INSTRUCTIONS FOR THE TASK: Return the records in full, exactly as given.

Web page caption snippets
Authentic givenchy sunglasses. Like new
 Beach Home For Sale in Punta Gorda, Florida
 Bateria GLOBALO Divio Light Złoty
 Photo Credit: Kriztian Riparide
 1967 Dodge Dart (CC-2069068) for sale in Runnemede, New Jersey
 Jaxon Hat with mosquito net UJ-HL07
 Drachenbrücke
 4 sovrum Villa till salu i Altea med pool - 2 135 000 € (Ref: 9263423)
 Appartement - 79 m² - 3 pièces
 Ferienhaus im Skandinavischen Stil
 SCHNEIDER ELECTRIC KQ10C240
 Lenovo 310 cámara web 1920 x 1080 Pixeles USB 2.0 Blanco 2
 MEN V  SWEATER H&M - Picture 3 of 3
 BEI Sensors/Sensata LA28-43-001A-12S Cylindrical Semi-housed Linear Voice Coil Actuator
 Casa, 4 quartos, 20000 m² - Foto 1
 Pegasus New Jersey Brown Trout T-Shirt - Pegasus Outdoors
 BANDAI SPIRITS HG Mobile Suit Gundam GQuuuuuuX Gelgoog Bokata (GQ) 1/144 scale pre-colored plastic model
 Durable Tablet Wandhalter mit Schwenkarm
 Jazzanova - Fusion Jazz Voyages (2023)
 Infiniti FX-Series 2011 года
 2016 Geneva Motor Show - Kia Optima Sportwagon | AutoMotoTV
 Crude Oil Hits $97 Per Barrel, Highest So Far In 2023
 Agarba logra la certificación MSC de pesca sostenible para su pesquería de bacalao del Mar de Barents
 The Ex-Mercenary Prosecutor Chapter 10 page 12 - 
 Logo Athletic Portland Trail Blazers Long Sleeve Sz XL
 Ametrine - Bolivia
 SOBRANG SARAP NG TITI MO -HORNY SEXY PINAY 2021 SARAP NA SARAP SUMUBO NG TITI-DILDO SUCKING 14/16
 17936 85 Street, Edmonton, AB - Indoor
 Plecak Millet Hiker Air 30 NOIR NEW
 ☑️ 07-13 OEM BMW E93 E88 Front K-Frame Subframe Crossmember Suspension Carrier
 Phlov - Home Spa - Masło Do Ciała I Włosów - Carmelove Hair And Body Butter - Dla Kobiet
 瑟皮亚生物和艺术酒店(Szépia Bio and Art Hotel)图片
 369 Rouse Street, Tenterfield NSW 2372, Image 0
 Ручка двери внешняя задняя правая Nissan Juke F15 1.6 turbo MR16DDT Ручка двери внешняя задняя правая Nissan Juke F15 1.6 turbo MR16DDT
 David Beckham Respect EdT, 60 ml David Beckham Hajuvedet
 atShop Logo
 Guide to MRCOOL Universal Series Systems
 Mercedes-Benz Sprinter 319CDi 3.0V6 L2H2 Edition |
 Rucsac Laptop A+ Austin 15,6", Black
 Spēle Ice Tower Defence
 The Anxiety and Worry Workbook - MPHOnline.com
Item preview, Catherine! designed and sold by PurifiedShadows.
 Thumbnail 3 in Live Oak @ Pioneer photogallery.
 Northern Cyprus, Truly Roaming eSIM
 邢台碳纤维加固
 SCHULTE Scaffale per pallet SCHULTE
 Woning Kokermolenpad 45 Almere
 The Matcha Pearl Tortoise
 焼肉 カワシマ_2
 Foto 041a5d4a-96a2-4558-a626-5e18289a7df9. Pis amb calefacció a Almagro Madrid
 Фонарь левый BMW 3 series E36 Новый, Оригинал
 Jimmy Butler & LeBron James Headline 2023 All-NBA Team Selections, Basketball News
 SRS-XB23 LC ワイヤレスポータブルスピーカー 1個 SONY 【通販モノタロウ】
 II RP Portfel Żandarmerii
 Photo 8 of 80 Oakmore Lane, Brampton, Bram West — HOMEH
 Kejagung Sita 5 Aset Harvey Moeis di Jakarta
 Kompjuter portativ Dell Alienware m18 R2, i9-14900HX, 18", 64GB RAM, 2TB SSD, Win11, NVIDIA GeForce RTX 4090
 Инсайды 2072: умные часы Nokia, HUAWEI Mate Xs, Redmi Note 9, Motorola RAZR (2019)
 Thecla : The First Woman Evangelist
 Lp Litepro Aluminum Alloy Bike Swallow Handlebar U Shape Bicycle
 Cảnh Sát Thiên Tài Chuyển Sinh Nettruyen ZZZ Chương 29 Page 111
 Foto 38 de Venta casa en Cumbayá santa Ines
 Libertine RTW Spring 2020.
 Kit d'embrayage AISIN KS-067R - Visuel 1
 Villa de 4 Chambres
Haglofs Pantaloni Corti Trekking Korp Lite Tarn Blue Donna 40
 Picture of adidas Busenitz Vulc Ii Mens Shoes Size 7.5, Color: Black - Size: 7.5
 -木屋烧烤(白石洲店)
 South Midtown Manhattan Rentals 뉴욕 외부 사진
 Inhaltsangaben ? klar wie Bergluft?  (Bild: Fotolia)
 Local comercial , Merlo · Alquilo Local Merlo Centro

TASK OUTPUT:
Authentic givenchy sunglasses. Like new
 Beach Home For Sale in Punta Gorda, Florida
 Bateria GLOBALO Divio Light Złoty
 Photo Credit: Kriztian Riparide
 1967 Dodge Dart (CC-2069068) for sale in Runnemede, New Jersey
 Jaxon Hat with mosquito net UJ-HL07
 Drachenbrücke
 4 sovrum Villa till salu i Altea med pool - 2 135 000 € (Ref: 9263423)
 Appartement - 79 m² - 3 pièces
 Ferienhaus im Skandinavischen Stil
 SCHNEIDER ELECTRIC KQ10C240
 Lenovo 310 cámara web 1920 x 1080 Pixeles USB 2.0 Blanco 2
 MEN V  SWEATER H&M - Picture 3 of 3
 BEI Sensors/Sensata LA28-43-001A-12S Cylindrical Semi-housed Linear Voice Coil Actuator
 Casa, 4 quartos, 20000 m² - Foto 1
 Pegasus New Jersey Brown Trout T-Shirt - Pegasus Outdoors
 BANDAI SPIRITS HG Mobile Suit Gundam GQuuuuuuX Gelgoog Bokata (GQ) 1/144 scale pre-colored plastic model
 Durable Tablet Wandhalter mit Schwenkarm
 Jazzanova - Fusion Jazz Voyages (2023)
 Infiniti FX-Series 2011 года
 2016 Geneva Motor Show - Kia Optima Sportwagon | AutoMotoTV
 Crude Oil Hits $97 Per Barrel, Highest So Far In 2023
 Agarba logra la certificación MSC de pesca sostenible para su pesquería de bacalao del Mar de Barents
 The Ex-Mercenary Prosecutor Chapter 10 page 12 - 
 Logo Athletic Portland Trail Blazers Long Sleeve Sz XL
 Ametrine - Bolivia
 SOBRANG SARAP NG TITI MO -HORNY SEXY PINAY 2021 SARAP NA SARAP SUMUBO NG TITI-DILDO SUCKING 14/16
 17936 85 Street, Edmonton, AB - Indoor
 Plecak Millet Hiker Air 30 NOIR NEW
 ☑️ 07-13 OEM BMW E93 E88 Front K-Frame Subframe Crossmember Suspension Carrier
 Phlov - Home Spa - Masło Do Ciała I Włosów - Carmelove Hair And Body Butter - Dla Kobiet
 瑟皮亚生物和艺术酒店(Szépia Bio and Art Hotel)图片
 369 Rouse Street, Tenterfield NSW 2372, Image 0
 Ручка двери внешняя задняя правая Nissan Juke F15 1.6 turbo MR16DDT Ручка двери внешняя задняя правая Nissan Juke F15 1.6 turbo MR16DDT
 David Beckham Respect EdT, 60 ml David Beckham Hajuvedet
 atShop Logo
 Guide to MRCOOL Universal Series Systems
 Mercedes-Benz Sprinter 319CDi 3.0V6 L2H2 Edition |
 Rucsac Laptop A+ Austin 15,6", Black
 Spēle Ice Tower Defence
 The Anxiety and Worry Workbook - MPHOnline.com
Item preview, Catherine! designed and sold by PurifiedShadows.
 Thumbnail 3 in Live Oak @ Pioneer photogallery.
 Northern Cyprus, Truly Roaming eSIM
 邢台碳纤维加固
 SCHULTE Scaffale per pallet SCHULTE
 Woning Kokermolenpad 45 Almere
 The Matcha Pearl Tortoise
 焼肉 カワシマ_2
 Foto 041a5d4a-96a2-4558-a626-5e18289a7df9. Pis amb calefacció a Almagro Madrid
 Фонарь левый BMW 3 series E36 Новый, Оригинал
 Jimmy Butler & LeBron James Headline 2023 All-NBA Team Selections, Basketball News
 SRS-XB23 LC ワイヤレスポータブルスピーカー 1個 SONY 【通販モノタロウ】
 II RP Portfel Żandarmerii
 Photo 8 of 80 Oakmore Lane, Brampton, Bram West — HOMEH
 Kejagung Sita 5 Aset Harvey Moeis di Jakarta
 Kompjuter portativ Dell Alienware m18 R2, i9-14900HX, 18", 64GB RAM, 2TB SSD, Win11, NVIDIA GeForce RTX 4090
 Инсайды 2072: умные часы Nokia, HUAWEI Mate Xs, Redmi Note 9, Motorola RAZR (2019)
 Thecla : The First Woman Evangelist
 Lp Litepro Aluminum Alloy Bike Swallow Handlebar U Shape Bicycle
 Cảnh Sát Thiên Tài Chuyển Sinh Nettruyen ZZZ Chương 29 Page 111
 Foto 38 de Venta casa en Cumbayá santa Ines
 Libertine RTW Spring 2020.
 Kit d'embrayage AISIN KS-067R - Visuel 1
 Villa de 4 Chambres
Haglofs Pantaloni Corti Trekking Korp Lite Tarn Blue Donna 40
 Picture of adidas Busenitz Vulc Ii Mens Shoes Size 7.5, Color: Black - Size: 7.5
 -木屋烧烤(白石洲店)
 South Midtown Manhattan Rentals 뉴욕 외부 사진
 Inhaltsangaben ? klar wie Bergluft?  (Bild: Fotolia)
 Local comercial , Merlo · Alquilo Local Merlo Centro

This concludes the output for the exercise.